Nem
sempre, ou raramente, é possível responder as cartas de
leitores, mas são, todas, como prêmios ao jornalista destinatário:
mesmo que iradas, dão prova de uma atenção pessoal
que nem sempre, ou raramente, a maioria do trabalho jornalístico
tem com os leitores. Pois hoje, para retomar contato, respondo a uma
carta. Aquela que indagou, no Painel do Leitor de terça-feira,
se "o governo, em especial Lula, dorme direito" depois de
ler as críticas que lhe são feitas.
Dorme, Não porque, sugere a expressão japonesa que deu
nome a filme, "o homem mau dorme bem". Não é
o caso de Lula. O que se passa é que o Lula presidente se elevou,
por ação própria, a um nível acima dos seres
suscetíveis de preocupações, incertezas e outros
pesares simplesmente humanos. No atual ciclo de presidentes civis, os
únicos a dar sinais de aflição com o peso de suas
responsabilidades foram José Sarney e Itamar Franco. Lula incorporou-se
aos ungidos Fernandos. É um predestinado, um escolhido, como
nos comunicou uma frase com a delicadeza de não ter explicitude
chocante: "Deus não me trouxe de tão longe para nada".
Quem, senão um ser especial, seria capaz de dizer apenas, diante
do sofrimento estúpido exigido a tantos idosos em estado lastimável,
que Ricardo Berzoini "fez um gol contra"? Este breve comentário
passou batido por aí afora, criticado tão só como
reprimenda insuficiente a Berzoini. Gol contra, até Berzoini
sabe, é gol contra o próprio time. No caso, portanto,
contra o governo, contra a imagem do governo. O que, de fato, não
precisava de mais do que o comentário ligeiro e bem humorado
de Lula.
Desde os anos boçais da ditadura, porém, o poder não
comete um ato de tamanha desumanidade, como foi a suspensão do
pagamento de aposentadorias e pensões para que mesmo os inválidos,
os doentes e os esgotados pelos anos se pusessem em filas ao relento,
para provar com suas precariedades que sobrevivem apesar do INSS.

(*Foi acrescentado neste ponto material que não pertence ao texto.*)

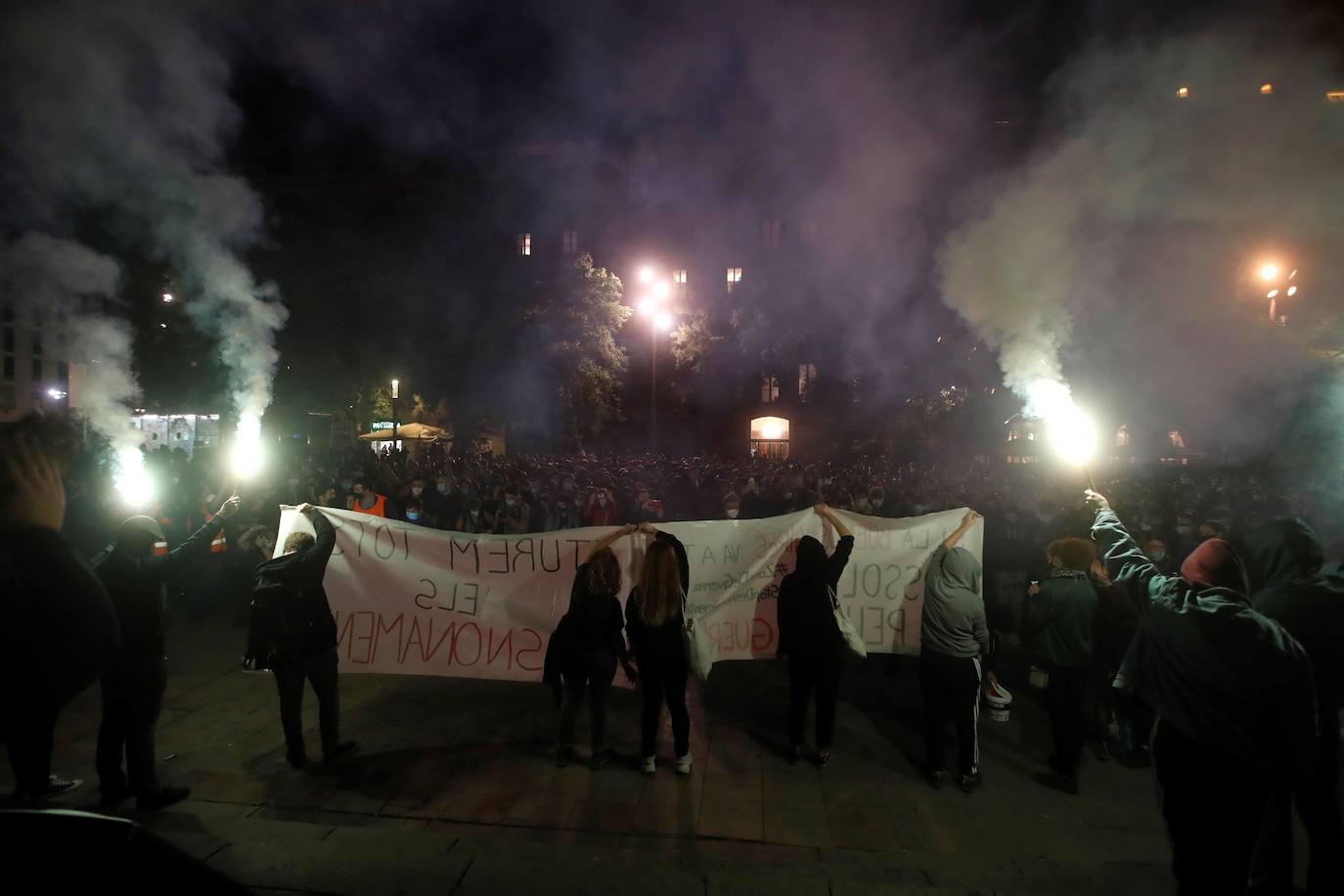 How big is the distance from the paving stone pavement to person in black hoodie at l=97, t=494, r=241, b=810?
1.12ft

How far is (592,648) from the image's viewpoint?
15.6 ft

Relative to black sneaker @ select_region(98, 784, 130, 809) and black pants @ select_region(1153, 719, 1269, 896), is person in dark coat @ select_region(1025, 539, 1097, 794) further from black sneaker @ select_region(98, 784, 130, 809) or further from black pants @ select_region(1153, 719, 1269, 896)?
black sneaker @ select_region(98, 784, 130, 809)

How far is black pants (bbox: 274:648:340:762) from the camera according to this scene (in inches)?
188

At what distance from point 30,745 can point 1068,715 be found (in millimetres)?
6173

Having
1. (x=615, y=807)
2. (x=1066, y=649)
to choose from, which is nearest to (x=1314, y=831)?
(x=1066, y=649)

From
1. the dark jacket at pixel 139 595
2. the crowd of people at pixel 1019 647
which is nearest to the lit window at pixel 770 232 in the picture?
the crowd of people at pixel 1019 647

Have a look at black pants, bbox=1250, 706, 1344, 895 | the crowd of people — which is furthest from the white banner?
black pants, bbox=1250, 706, 1344, 895

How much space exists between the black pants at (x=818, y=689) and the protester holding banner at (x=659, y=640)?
790mm

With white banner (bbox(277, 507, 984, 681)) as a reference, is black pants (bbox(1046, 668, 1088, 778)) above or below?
below

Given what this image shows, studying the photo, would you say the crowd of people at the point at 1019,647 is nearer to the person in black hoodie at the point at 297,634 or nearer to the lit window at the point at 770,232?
the person in black hoodie at the point at 297,634

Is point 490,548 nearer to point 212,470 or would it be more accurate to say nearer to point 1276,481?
point 212,470

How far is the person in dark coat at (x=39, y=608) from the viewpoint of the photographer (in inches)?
67.1

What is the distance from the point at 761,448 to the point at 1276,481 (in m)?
25.1

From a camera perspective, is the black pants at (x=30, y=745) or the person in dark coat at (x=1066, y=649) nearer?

Se a legislação de direitos humanos e o Estatuto do Idoso
não fossem bastantes contra a decisão governamental, até
o seria, lembrando o bravo Sobral Pinto, a Lei de Proteção
aos Animais. Mas nada se opôs à perversão do poder.
Não exigiria muito trabalho encontrar, na legislação
criminal, artigos com que brindar a autoria da perversidade deliberada
e reafirmada. Mas nada aconteceu. Assim como nada aconteceu à
subsequente decisão de Berzoini, de ignorar deliberação
judicial a propósito da reposição de partes usurpadas
a pensões e aposentadorias.
Seria boa notícia, se tivesse mais do que palavras, a divulgada
por Cristovam Buarque, ministro da Educação, segundo a
qual Lula "ficou preocupado, triste e descontente ao saber que
o trabalho infantil aumentou", a partir da sua posse, em 50% nas
seis principais regiões metropolitanas. Ainda bem que um outro
ministro dispensou, mesmo que recorrendo a meias verdades, um diagnóstico
atribuível a oposição: "O aumento do trabalho
infantil deveu-se ao ajuste que tivemos de fazer e que provocou aumento
do desemprego temporário, mas isso já passou, e a que
o Programa de Erradicação do Trabalho Infantil teve de
ser controlado para poder expandir nos próximos três anos".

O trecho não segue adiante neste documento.